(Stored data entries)
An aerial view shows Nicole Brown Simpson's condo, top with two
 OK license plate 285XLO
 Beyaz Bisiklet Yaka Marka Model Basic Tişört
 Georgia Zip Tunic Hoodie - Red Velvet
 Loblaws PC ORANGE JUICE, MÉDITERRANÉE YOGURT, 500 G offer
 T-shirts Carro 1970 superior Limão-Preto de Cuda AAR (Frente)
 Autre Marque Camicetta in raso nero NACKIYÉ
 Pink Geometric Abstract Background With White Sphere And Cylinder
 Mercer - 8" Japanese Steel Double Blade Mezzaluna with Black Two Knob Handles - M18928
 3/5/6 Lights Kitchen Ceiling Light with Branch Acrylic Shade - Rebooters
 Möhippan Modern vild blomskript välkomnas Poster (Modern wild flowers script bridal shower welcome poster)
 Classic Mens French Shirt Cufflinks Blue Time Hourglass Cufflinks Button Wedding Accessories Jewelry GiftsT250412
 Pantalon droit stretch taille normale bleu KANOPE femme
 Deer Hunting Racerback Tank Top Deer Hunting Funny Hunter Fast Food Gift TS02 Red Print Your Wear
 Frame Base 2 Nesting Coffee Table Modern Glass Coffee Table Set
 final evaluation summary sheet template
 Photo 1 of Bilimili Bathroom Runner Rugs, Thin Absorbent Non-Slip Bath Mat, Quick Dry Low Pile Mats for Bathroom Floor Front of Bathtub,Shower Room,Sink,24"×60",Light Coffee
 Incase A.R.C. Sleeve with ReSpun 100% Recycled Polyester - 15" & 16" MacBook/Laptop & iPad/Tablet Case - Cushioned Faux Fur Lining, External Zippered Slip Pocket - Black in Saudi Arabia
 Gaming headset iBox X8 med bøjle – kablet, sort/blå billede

◆ TASK ITEM ◆
Please copy out each entry exactly as it appears above.

◆ TASK RESPONSE ◆
An aerial view shows Nicole Brown Simpson's condo, top with two
 OK license plate 285XLO
 Beyaz Bisiklet Yaka Marka Model Basic Tişört
 Georgia Zip Tunic Hoodie - Red Velvet
 Loblaws PC ORANGE JUICE, MÉDITERRANÉE YOGURT, 500 G offer
 T-shirts Carro 1970 superior Limão-Preto de Cuda AAR (Frente)
 Autre Marque Camicetta in raso nero NACKIYÉ
 Pink Geometric Abstract Background With White Sphere And Cylinder
 Mercer - 8" Japanese Steel Double Blade Mezzaluna with Black Two Knob Handles - M18928
 3/5/6 Lights Kitchen Ceiling Light with Branch Acrylic Shade - Rebooters
 Möhippan Modern vild blomskript välkomnas Poster (Modern wild flowers script bridal shower welcome poster)
 Classic Mens French Shirt Cufflinks Blue Time Hourglass Cufflinks Button Wedding Accessories Jewelry GiftsT250412
 Pantalon droit stretch taille normale bleu KANOPE femme
 Deer Hunting Racerback Tank Top Deer Hunting Funny Hunter Fast Food Gift TS02 Red Print Your Wear
 Frame Base 2 Nesting Coffee Table Modern Glass Coffee Table Set
 final evaluation summary sheet template
 Photo 1 of Bilimili Bathroom Runner Rugs, Thin Absorbent Non-Slip Bath Mat, Quick Dry Low Pile Mats for Bathroom Floor Front of Bathtub,Shower Room,Sink,24"×60",Light Coffee
 Incase A.R.C. Sleeve with ReSpun 100% Recycled Polyester - 15" & 16" MacBook/Laptop & iPad/Tablet Case - Cushioned Faux Fur Lining, External Zippered Slip Pocket - Black in Saudi Arabia
 Gaming headset iBox X8 med bøjle – kablet, sort/blå billede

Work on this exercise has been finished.